* **Material for the task**

○ ○ ○ ○ ○

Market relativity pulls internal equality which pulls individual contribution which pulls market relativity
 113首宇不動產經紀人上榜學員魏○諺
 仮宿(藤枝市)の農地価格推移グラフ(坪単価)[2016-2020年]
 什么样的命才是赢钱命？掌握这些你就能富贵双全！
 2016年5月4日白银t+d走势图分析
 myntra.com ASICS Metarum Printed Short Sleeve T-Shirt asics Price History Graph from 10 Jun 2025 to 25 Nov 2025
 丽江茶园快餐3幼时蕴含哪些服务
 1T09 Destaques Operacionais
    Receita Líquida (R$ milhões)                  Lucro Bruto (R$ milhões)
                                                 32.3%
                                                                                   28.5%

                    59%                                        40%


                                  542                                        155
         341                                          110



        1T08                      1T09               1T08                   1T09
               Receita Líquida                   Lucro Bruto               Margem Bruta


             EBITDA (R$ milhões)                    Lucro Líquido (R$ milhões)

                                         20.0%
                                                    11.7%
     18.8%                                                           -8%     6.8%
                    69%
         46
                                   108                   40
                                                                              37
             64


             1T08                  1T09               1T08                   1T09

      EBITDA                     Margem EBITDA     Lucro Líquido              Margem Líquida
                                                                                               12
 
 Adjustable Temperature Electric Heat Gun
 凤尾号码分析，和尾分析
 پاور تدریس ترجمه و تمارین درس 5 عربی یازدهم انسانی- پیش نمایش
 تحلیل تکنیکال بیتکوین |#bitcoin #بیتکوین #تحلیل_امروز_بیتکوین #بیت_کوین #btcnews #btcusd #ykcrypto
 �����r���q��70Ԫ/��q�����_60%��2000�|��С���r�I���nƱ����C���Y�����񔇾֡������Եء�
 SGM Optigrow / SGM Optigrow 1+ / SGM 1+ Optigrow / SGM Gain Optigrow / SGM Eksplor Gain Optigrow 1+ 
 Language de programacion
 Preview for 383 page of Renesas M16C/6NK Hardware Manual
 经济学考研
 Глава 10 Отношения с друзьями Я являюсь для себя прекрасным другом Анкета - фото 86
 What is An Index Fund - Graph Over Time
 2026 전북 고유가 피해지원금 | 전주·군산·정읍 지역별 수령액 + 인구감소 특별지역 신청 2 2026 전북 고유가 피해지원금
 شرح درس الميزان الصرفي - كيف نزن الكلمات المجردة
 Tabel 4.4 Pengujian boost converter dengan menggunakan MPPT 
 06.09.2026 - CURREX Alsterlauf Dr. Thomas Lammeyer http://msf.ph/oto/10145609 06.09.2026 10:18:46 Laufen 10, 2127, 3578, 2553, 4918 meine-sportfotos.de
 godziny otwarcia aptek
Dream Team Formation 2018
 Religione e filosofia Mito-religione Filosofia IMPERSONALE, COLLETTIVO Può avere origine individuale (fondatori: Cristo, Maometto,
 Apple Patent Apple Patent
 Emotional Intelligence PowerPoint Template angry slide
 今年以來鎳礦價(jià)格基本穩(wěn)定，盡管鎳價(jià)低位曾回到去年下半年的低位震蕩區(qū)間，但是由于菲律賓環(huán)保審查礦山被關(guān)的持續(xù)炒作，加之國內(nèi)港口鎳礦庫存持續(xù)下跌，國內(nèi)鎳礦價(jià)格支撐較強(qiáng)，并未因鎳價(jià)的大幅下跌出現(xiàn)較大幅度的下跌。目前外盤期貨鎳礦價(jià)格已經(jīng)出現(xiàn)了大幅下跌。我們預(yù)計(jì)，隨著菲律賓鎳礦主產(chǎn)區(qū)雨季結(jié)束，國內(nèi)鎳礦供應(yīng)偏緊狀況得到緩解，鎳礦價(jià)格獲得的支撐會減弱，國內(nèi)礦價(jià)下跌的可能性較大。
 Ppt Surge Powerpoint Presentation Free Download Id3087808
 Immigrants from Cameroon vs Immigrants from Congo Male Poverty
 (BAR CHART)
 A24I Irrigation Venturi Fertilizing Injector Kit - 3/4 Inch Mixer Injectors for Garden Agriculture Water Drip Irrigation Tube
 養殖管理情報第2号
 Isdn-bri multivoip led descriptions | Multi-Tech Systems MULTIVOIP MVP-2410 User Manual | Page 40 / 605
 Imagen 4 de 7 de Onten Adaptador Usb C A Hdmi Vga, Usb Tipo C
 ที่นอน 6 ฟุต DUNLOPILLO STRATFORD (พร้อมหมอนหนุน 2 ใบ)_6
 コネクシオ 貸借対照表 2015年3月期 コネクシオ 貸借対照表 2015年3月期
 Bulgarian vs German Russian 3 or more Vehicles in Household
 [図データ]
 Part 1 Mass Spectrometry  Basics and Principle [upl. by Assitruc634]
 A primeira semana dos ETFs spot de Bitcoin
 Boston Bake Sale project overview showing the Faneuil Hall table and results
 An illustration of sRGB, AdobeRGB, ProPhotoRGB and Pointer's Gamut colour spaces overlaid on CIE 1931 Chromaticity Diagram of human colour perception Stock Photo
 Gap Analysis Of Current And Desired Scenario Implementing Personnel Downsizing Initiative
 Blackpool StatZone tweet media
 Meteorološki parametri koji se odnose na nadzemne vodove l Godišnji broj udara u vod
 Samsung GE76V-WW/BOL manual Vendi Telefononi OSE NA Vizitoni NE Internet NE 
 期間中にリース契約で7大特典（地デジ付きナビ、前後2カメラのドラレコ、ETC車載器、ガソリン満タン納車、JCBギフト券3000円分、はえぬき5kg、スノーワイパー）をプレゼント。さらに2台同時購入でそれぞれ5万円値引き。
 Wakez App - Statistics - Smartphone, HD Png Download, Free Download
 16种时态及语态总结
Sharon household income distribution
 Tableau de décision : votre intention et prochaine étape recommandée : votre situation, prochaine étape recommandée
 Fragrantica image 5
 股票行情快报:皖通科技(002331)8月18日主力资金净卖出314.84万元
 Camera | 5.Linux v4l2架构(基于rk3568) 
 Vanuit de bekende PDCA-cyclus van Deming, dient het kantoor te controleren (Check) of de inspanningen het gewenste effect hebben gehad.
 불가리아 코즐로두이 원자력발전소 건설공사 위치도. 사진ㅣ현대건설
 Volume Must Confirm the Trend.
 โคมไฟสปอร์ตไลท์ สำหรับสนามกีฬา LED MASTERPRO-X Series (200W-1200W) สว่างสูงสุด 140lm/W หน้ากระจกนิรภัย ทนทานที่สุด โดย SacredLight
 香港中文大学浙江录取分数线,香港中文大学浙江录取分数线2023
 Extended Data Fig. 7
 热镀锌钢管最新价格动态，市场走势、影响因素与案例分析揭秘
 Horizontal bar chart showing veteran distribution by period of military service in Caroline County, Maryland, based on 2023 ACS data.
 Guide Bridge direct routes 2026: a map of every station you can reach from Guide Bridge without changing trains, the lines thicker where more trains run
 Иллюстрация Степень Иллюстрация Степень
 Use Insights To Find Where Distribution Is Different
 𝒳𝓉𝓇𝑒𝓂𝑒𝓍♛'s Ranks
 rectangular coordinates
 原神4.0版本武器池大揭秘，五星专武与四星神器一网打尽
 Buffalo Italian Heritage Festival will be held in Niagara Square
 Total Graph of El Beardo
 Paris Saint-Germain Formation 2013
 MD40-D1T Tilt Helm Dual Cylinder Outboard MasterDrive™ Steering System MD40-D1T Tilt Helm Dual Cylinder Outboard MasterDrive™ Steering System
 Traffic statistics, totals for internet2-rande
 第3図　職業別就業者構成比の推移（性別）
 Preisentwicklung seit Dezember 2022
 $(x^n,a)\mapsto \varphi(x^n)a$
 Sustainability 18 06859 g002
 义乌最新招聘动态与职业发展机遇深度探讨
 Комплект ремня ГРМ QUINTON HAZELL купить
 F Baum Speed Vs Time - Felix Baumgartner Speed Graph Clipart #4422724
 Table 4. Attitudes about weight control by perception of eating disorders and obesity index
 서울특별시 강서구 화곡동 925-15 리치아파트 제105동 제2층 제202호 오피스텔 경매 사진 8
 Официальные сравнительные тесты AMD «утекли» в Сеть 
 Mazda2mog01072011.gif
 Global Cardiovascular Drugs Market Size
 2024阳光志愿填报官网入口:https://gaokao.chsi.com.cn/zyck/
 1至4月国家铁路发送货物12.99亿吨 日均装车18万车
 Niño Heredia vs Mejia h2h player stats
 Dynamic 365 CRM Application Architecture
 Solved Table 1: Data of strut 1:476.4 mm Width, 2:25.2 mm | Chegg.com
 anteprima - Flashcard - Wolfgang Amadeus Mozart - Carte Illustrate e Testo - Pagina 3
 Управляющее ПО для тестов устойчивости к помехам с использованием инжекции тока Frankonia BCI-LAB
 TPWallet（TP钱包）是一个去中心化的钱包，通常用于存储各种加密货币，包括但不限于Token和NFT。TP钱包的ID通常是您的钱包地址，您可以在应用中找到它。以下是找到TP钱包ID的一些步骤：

○ ○ ○ ○ ○

* **What you should do**
Copy out, word for word, the part of the entries above that begins at the line with "Sustainability 18 06859 g002" and ends at the line with "Официальные сравнительные тесты", including both.

* **Answer box**
 Sustainability 18 06859 g002
 义乌最新招聘动态与职业发展机遇深度探讨
 Комплект ремня ГРМ QUINTON HAZELL купить
 F Baum Speed Vs Time - Felix Baumgartner Speed Graph Clipart #4422724
 Table 4. Attitudes about weight control by perception of eating disorders and obesity index
 서울특별시 강서구 화곡동 925-15 리치아파트 제105동 제2층 제202호 오피스텔 경매 사진 8
 Официальные сравнительные тесты AMD «утекли» в Сеть 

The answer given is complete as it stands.